L’un, en style pompeux habillant une églogue[1].
De ses rares vertus te fait un long prologue,
Et mêle, en se vantant soi-même à tout propos,
Les louanges d’un fat à celles d’un héros.

L’autre, en vain se lassant à polir une rime,
Et reprenant vingt fois le rabot et la lime,
Grand et nouvel effort d’un esprit sans pareil !
Dans la fin d’un sonnet te compare au soleil[2].

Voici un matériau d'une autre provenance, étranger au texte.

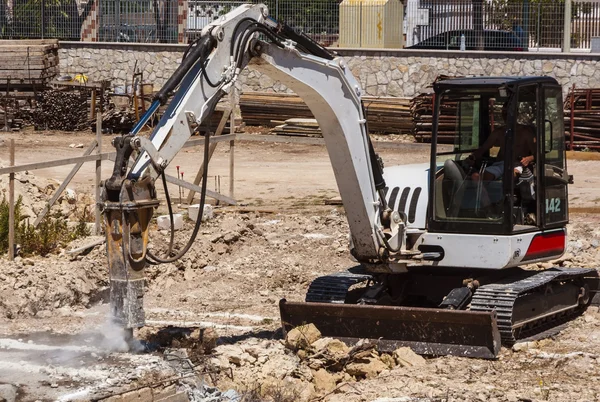 Excavator with hammer engaged in excavation of foundation — Stock Photo, Image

Sur le haut Hélicon leur veine méprisée
Fut toujours des neuf Sœurs la fable et la risée.
Calliope jamais ne daigna leur parler,
Et Pégase pour eux refuse de voler.
Cependant à les voir enflés de tant d’audace,
Te promettre en leur nom les faveurs du Parnasse,
On diroit qu’ils ont seuls l’oreille d’Apollon,
Qu’ils disposent de tout dans le sacré vallon :
C’est à leurs doctes mains, si l’on veut les en croire,
Que Phébus a commis tout le soin de ta gloire ;

  1. Charpentier avait composé l’Églogue royale en l’honneur de Louis XIV.
  2. Chapelain dans un sonnet avait comparé le roi au soleil.